In my example, there were some poor matches on the team page, which led me to discover not all of the team profiles had yet been created on the staging site – a really helpful find.
The script has also quite helpfully given us redirect recommendations for old blog content we decided to axe and not include on the new website, but now we have a suggested redirect should we want to pass the traffic to something related – that’s ultimately your call.
Step 9: Tweak and repeat
If you didn’t get the desired results, I would double-check that the fields you use for matching are staying as consistent as possible between sites. If not, try a different field or group of fields and rerun.
More AI to come
In general, I have been slow to adopt any AI (especially generative AI) into the redirect mapping process, as the cost of mistakes can be high, and AI errors can sometimes be tricky to spot.

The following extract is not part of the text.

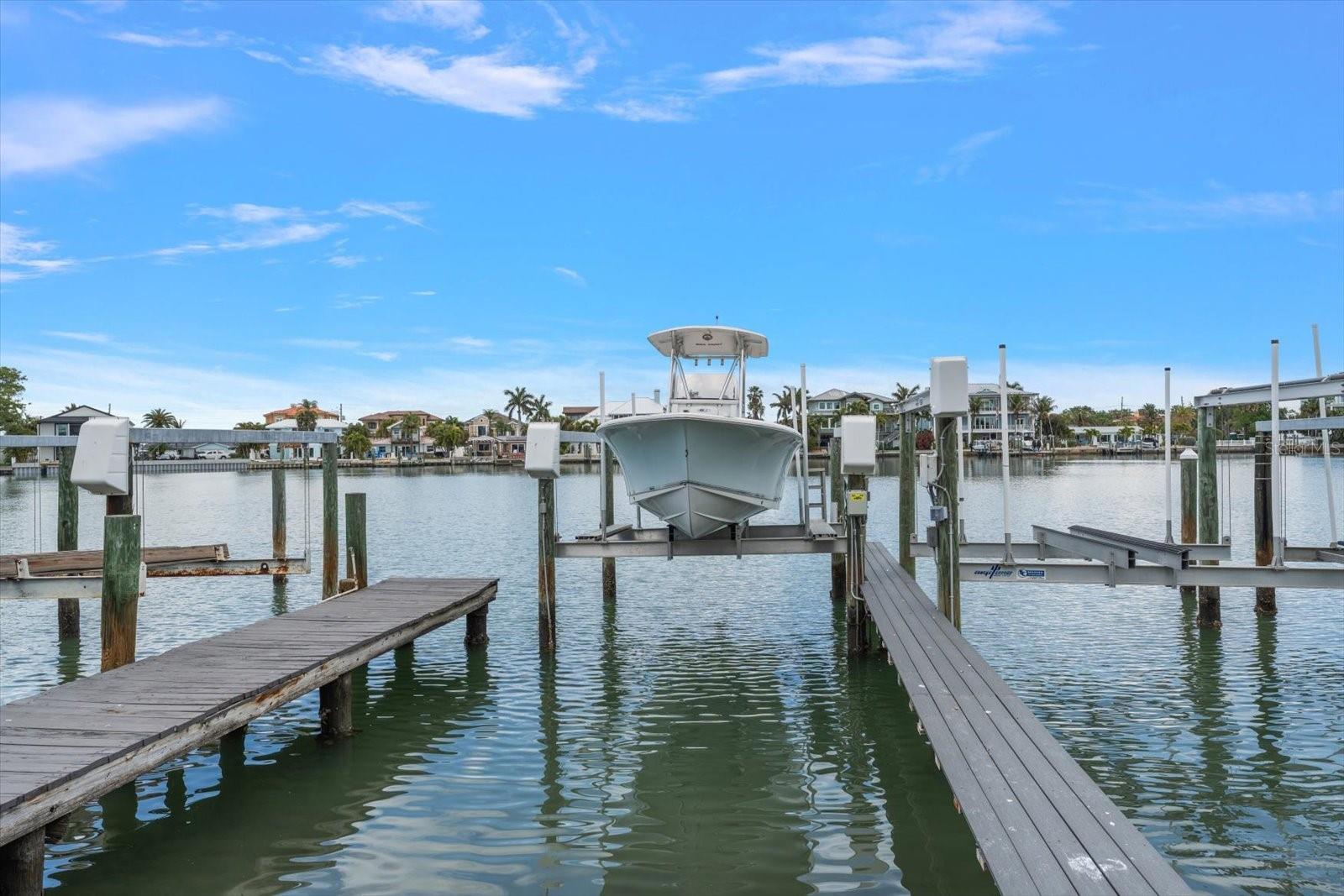 Deeded, deep water dock with 10,000 lbs lift, perfect for the avid boater!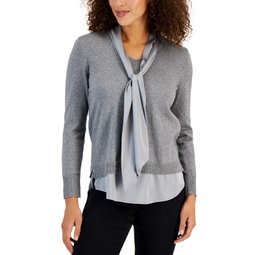 Womens Tie-Neck Layered-Look Sweater Created For Macys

However, from my testing, I’ve found these specific AI models to be robust for this particular task and it has fundamentally changed how I approach site migrations.
Human checking and oversight are still required, but the amount of time saved with the bulk of the work means you can do a more thorough and thoughtful human intervention and finish the task many hours ahead of where you would usually be.
In the not-too-distant future, I expect we’ll see more specific models that will allow us to take additional steps, including improving the speed and efficiency of the next step, the redirect logic.